Review of Christmas with C.S. Lewis at the Westport Playhouse

    C.S. Lewis is spreading English cheer in a production from Emery Entertainment at the Westport Playhouse titled Christmas with C.S. Lewis

    This is Lewis’s third visit to Westport – or rather, our third opportunity to visit him, or again an actor playing him at the Playhouse in an Emery Entertainment production. The first evening was called simply An Evening with C.S. Lewis. Like the Christmas play, it was written by David Payne, who played Lewis in that first production here. Lewis’s second visit was in Payne’s Lewis and Tolkien, in which the other title character is Lewis’s friend, J.R.R. Tolkien.

    All three plays now tour the county, as does a play of Payne’s about Winston Churchill. How frequently Payne still performs them I do not know, but so great is the demand for them that Payne has brought in others to perform the plays, including the actor we have seen here, Gregory Williams Welsch. Welsch has had an extensive career as an actor, in New York, where he trained, on and off Broadway, and in theatres around the country. But that career began here in St. Louis, his home town, in St. Louis University High School, under that school’s much admired teacher of theatre. Welsch appeared as Tolkien opposite Payne’s Lewis at the Westport in Lewis and Tolkien

    Christmas with C.S. Lewis takes place in Lewis’s study in his home in Oxford in 1962, the year before his passing. Playwright Payne explains that Lewis is hosting a group of American historians – that’s us in the audience – who are visiting England at Christmastime. “They have an interest in English history, so they’ve decided to spend Christmas in Oxford to experience a typical English Christmas.
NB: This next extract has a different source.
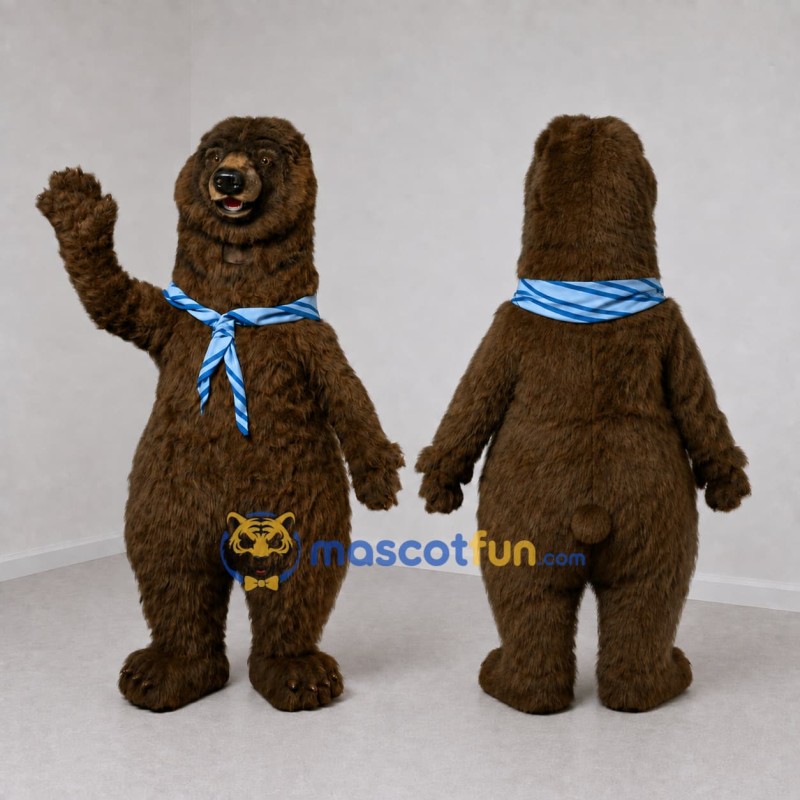 Custom Dark Brown and Blue Bear Mascot Costume Adult Full Body Suit for Outdoor Events Custom Dark Brown and Blue Bear Mascot Costume Adult Full Body Suit for Outdoor Events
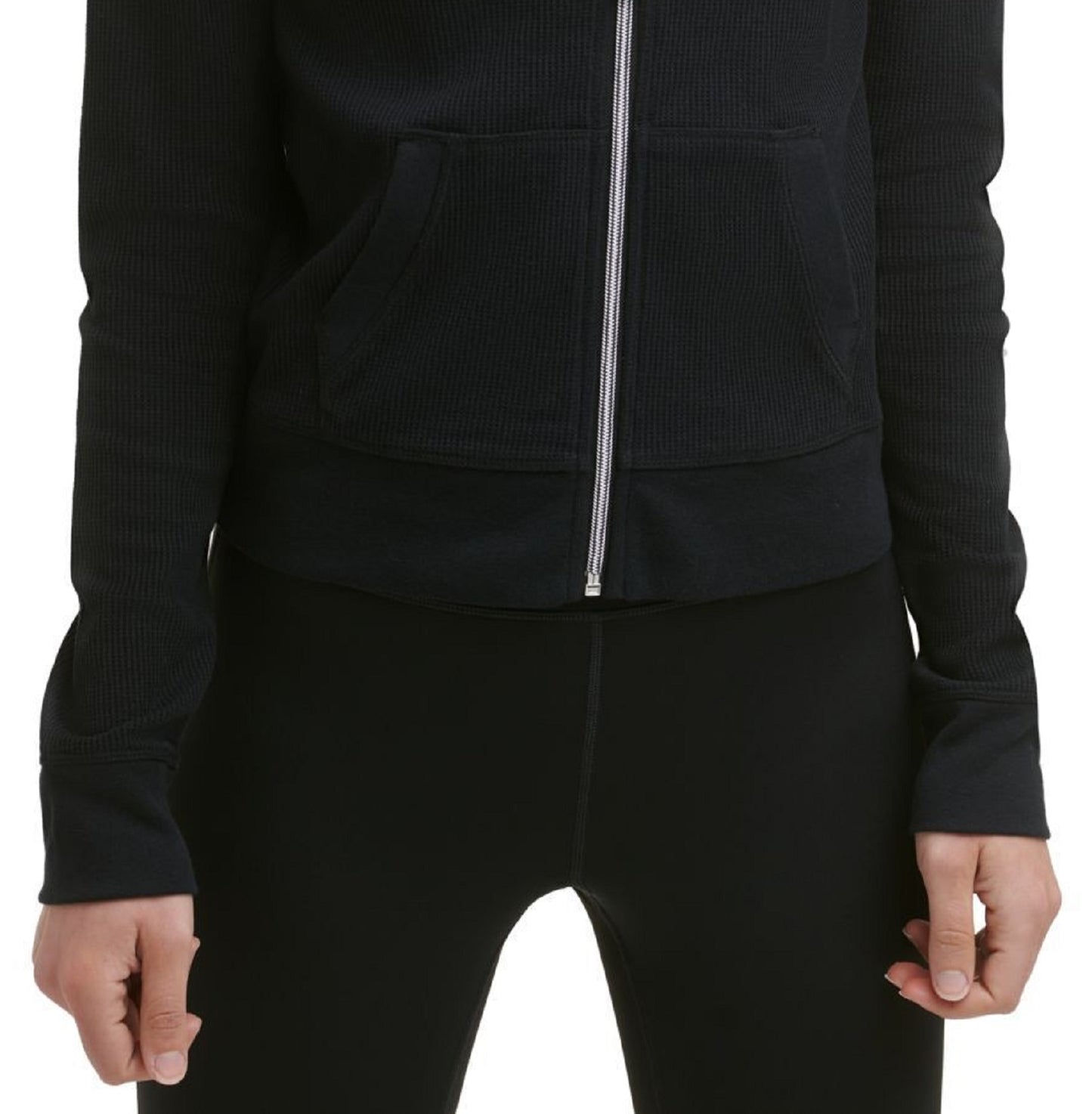 Calvin Klein Moletom com capuz feminino com zíper frontal, preto, tamanho médio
Because Lewis was a professor of medieval and Renaissance literature, they’ve asked whether he could do a small talk on Christmas past,  Christmas present and also what Christmas means to him.” When his phone rings a couple of times, he quickly deals with some business and then explains that he has a group of Americans visiting him and he must get back to them. He shows his guests a mince pie and says that having it at Christmas is a tradition that stretches back to medieval times. He talks about the evolution of gift-giving, sending cards, and family gatherings. And he reveals that for many years he had no interest in the meaning of Christmas from a religious point of view.

    That changed when he got to know a fellow Oxford professor of English literature, J.R.R. Tolkien, who was a very sincere Christian while at the same time being a very intelligent man. Their friendship led to Lewis’s accepting the reality of Jesus’s life, the truth of his teaching, and converting to Christianity and joining the Church of England. 

    Given the importance and popular success of his writings on Christianity, I was a little surprised that more was not made of his faith and of his reasons for it, especially given the opening provided by the Christmas setting. 

    I was also surprised that little is made of the literature that he spent his life studying and explaining. He does talk about writing the Narnia Chronicles, sharing them with Tolkien as he was writing them, as Tolkien shared The Hobbit and The Lord of the Rings with Lewis.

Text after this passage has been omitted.